What the task requires
Your copy should hold only the lines from the one containing "VW PASAT B5" through the final line of the entries, exactly as written, with no pictures.

+===+

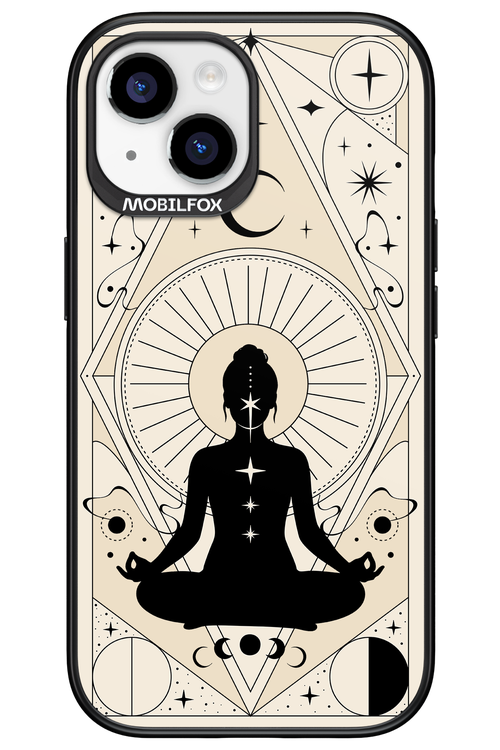 Soul Peace - Apple iPhone 15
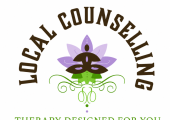 Local Counselling Logo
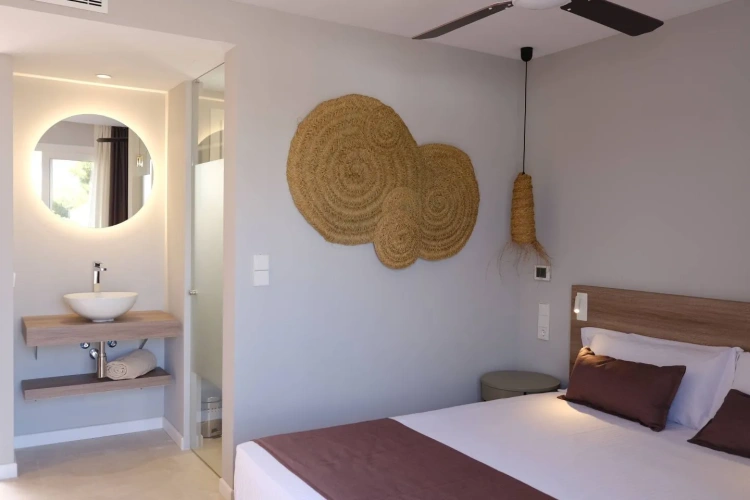 Hipico Double room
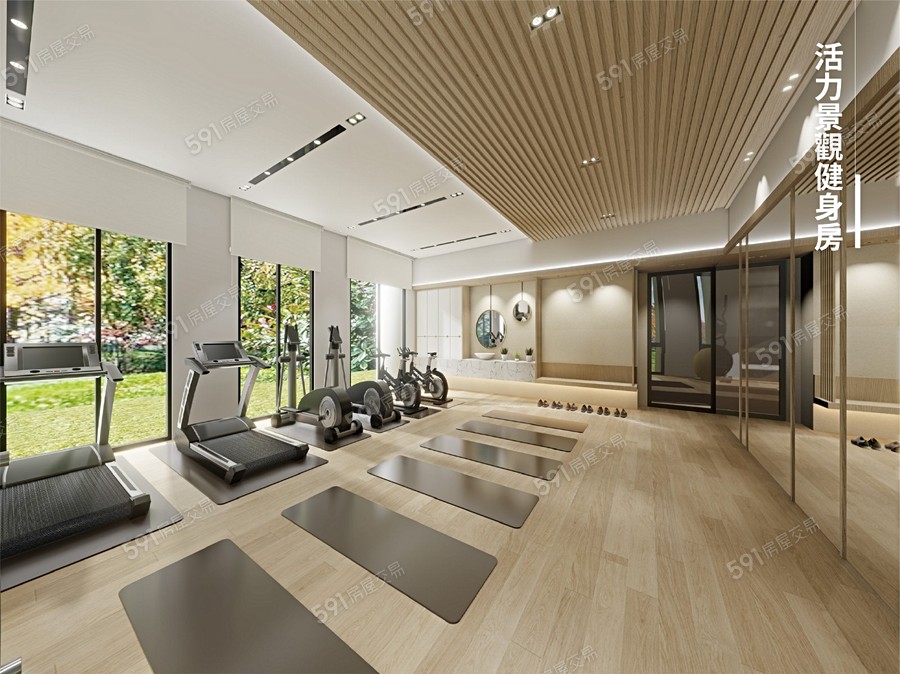 璞樸莊園PathHouse示意圖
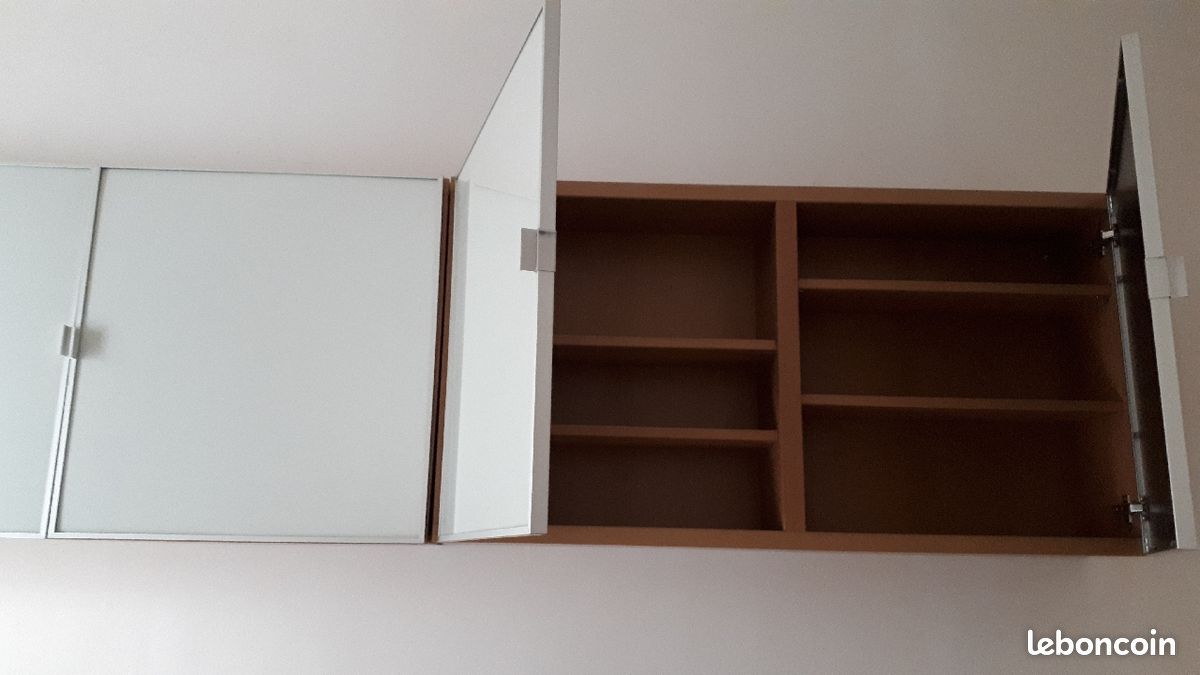 Étagères portes personnalisables (image 1)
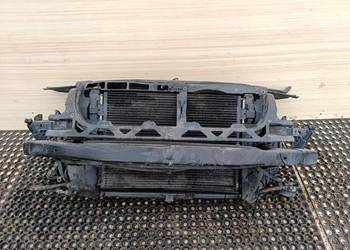 VW PASAT B5 LIFT 2.8 4MOTION PAS PRZEDNI KOMPLET AUTOMAT LA7W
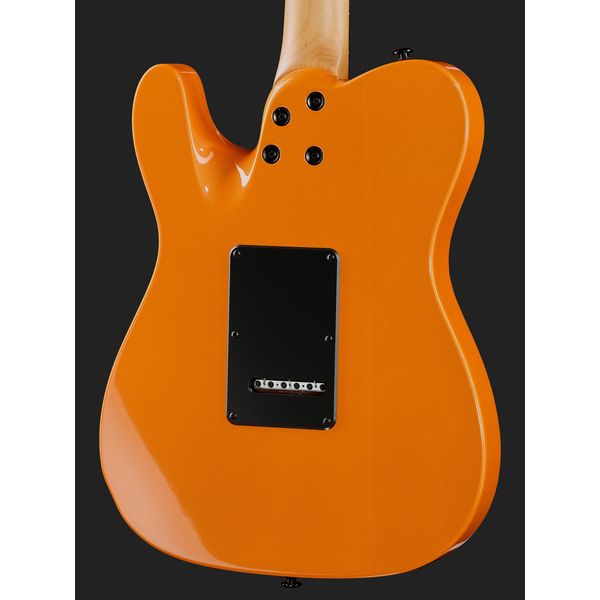 Suhr Andy Wood 10th Anniv T Orange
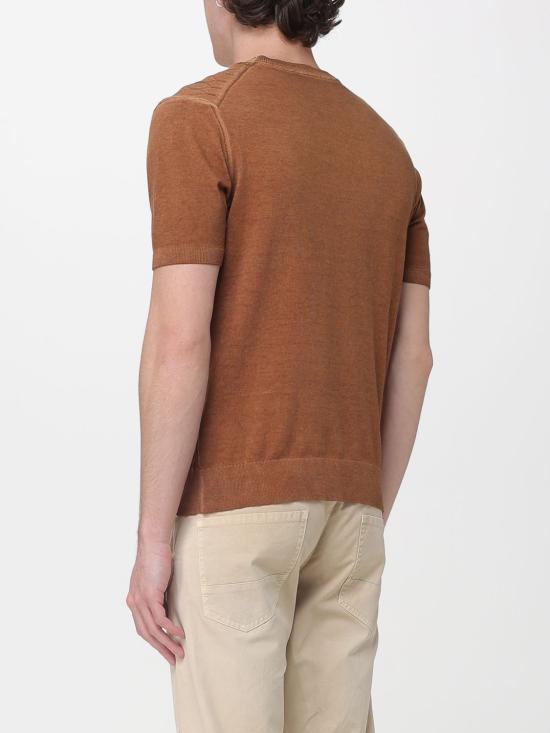 26SS 페트레이 스웨터 PEU584399012446 466 Tobacco - PEUTEREY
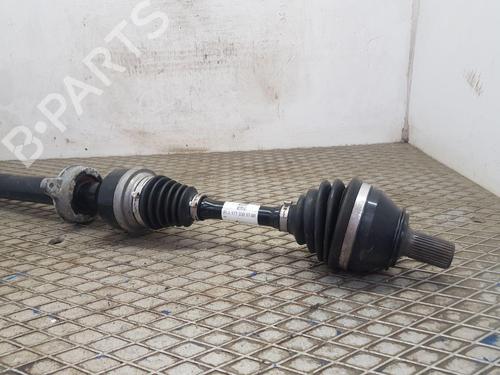 Right front driveshaft MERCEDES-BENZ A-CLASS (W177)  | BP29815676M39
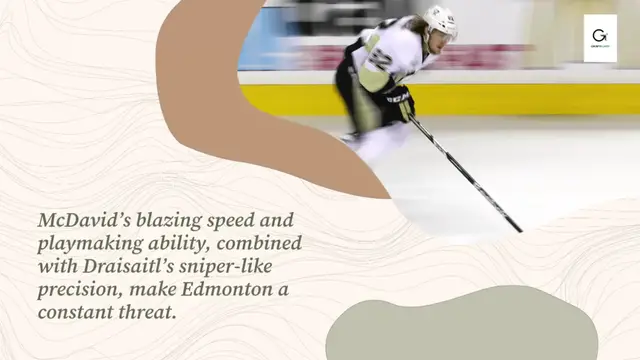 'Video thumbnail for Oilers vs Stars: A Clash of Titans in the Battle for Western Supremacy'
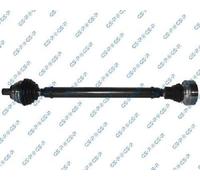 Originale GSP Albero Di Trasmissione 261307 Per Audi Seat Skoda VW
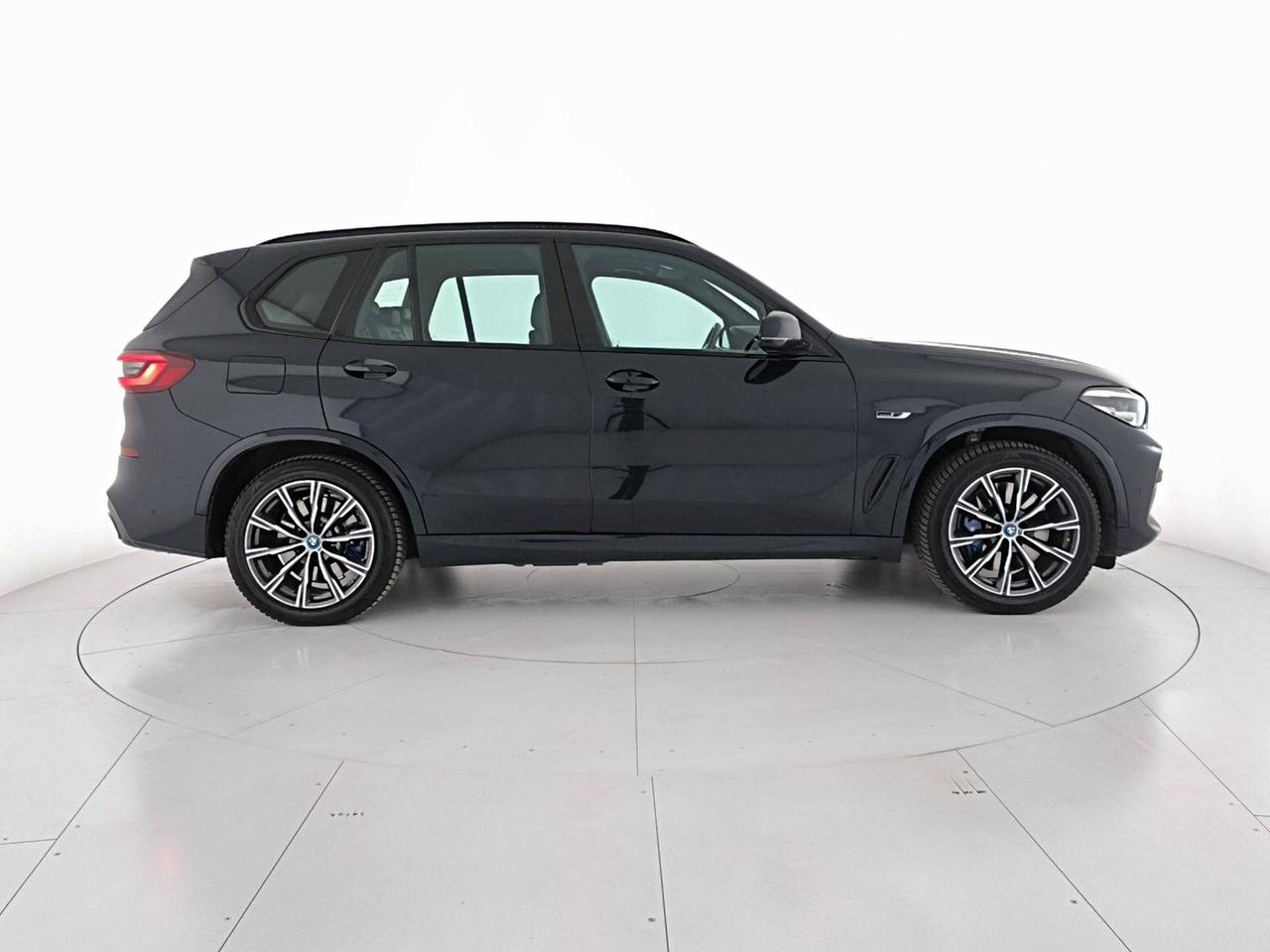 BMW X5 xDrive45e MSport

+===+

Result for this task
 VW PASAT B5 LIFT 2.8 4MOTION PAS PRZEDNI KOMPLET AUTOMAT LA7W
 Suhr Andy Wood 10th Anniv T Orange
 26SS 페트레이 스웨터 PEU584399012446 466 Tobacco - PEUTEREY
 Right front driveshaft MERCEDES-BENZ A-CLASS (W177)  | BP29815676M39
 'Video thumbnail for Oilers vs Stars: A Clash of Titans in the Battle for Western Supremacy'
 Originale GSP Albero Di Trasmissione 261307 Per Audi Seat Skoda VW
 BMW X5 xDrive45e MSport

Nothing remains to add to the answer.